Stored entries:
****************************************

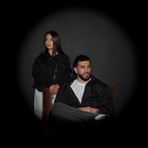 Грустный саксофон - Single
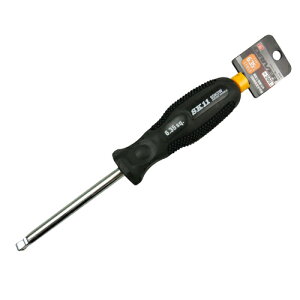 SK11 ドライバー型ハンドル SDH2W 藤原産業 工具 ツール 6.35 sq 1/4" レンチ 六角 ボルト ナット DIY 家庭用 修理 改造 分解 組み立て 家具 自転車 用品 用具 道具 器具 グッズ アイテム ホームセンタ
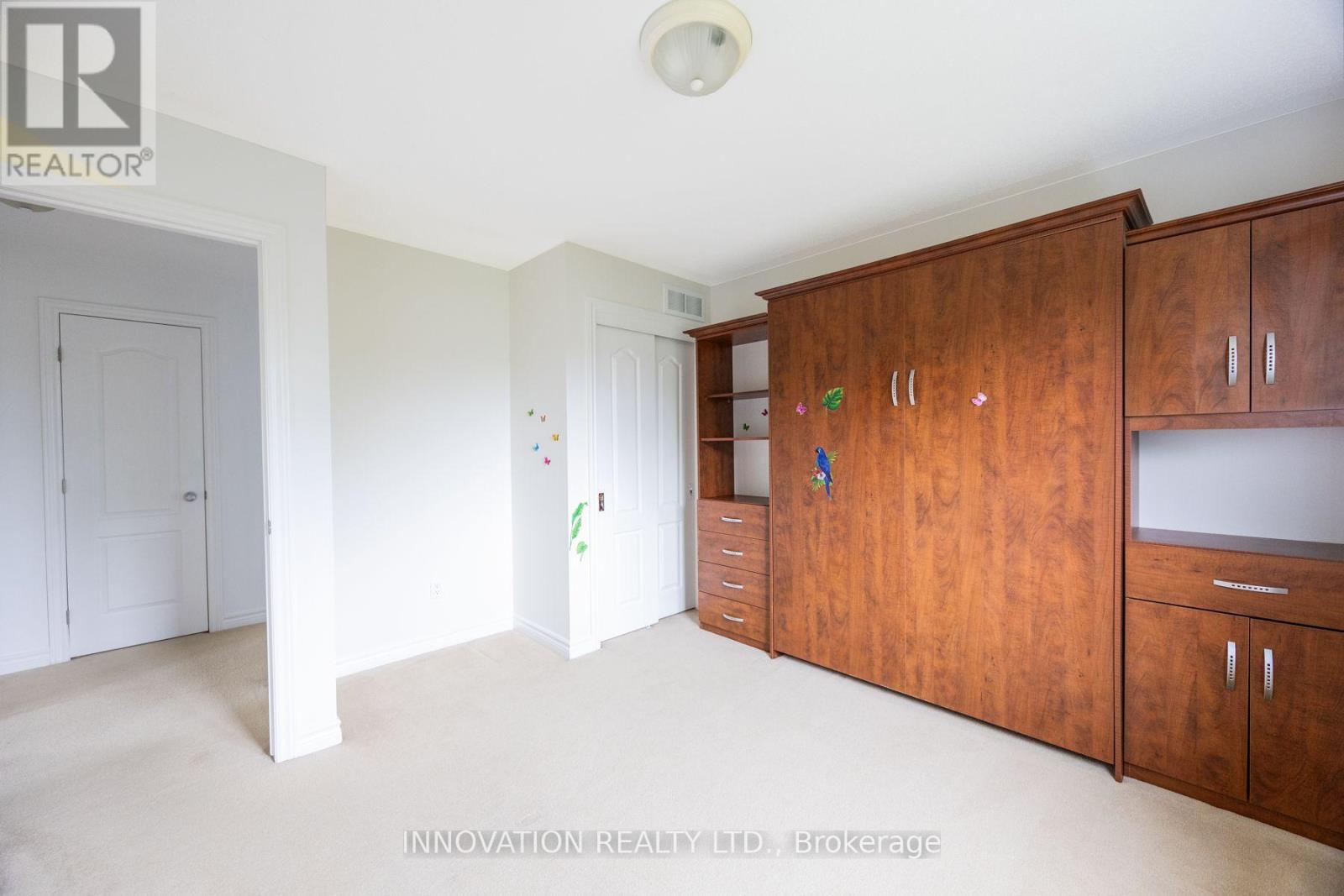 160 Hillman Marsh Way, Ottawa, Ontario  K1T 0A8 - Photo 35 - X13538286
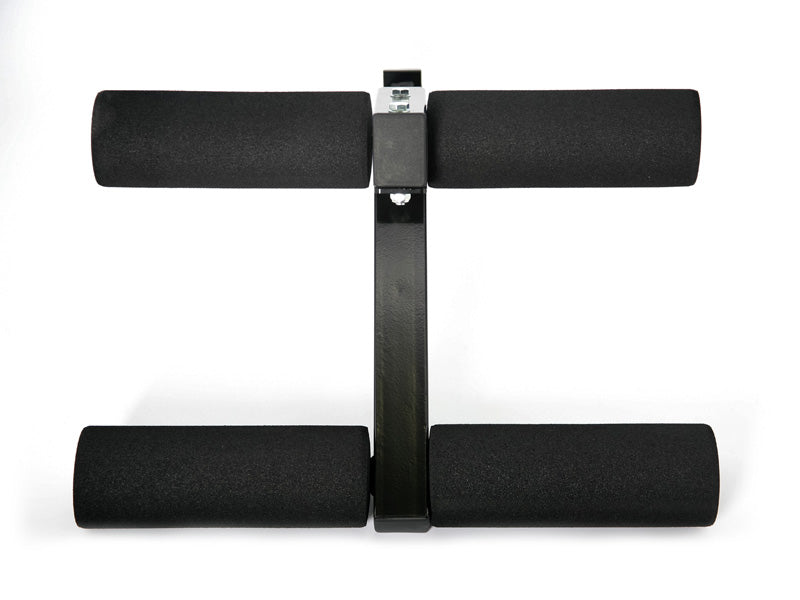 SportBench Ab Attachment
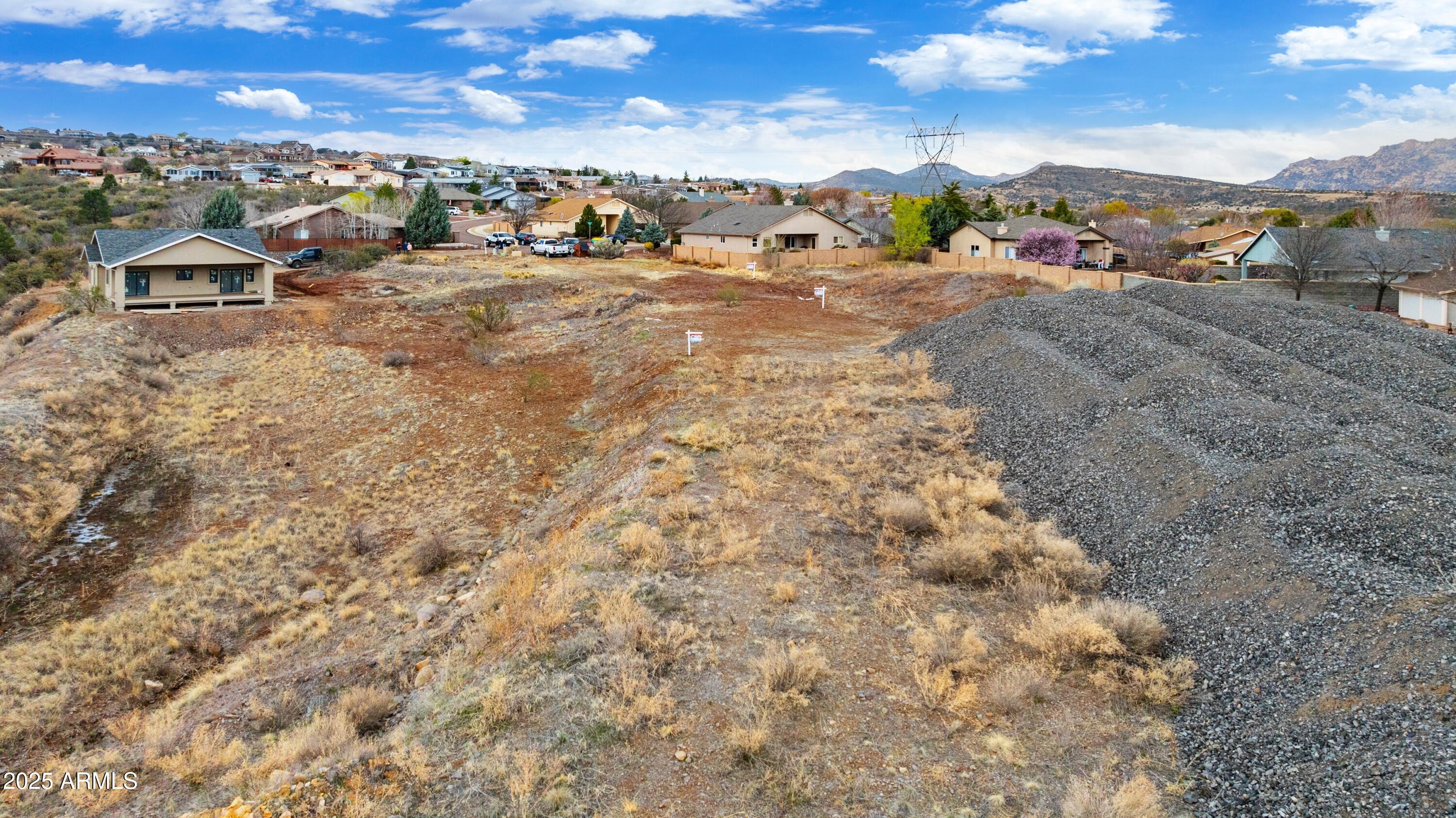 1492 BARBERRY Lane 36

****************************************

● TASK DETAILS
Pictures should be left out when the records above are restated exactly.

● YOUR RESPONSE
 Грустный саксофон - Single
 SK11 ドライバー型ハンドル SDH2W 藤原産業 工具 ツール 6.35 sq 1/4" レンチ 六角 ボルト ナット DIY 家庭用 修理 改造 分解 組み立て 家具 自転車 用品 用具 道具 器具 グッズ アイテム ホームセンタ
 160 Hillman Marsh Way, Ottawa, Ontario  K1T 0A8 - Photo 35 - X13538286
 SportBench Ab Attachment
 1492 BARBERRY Lane 36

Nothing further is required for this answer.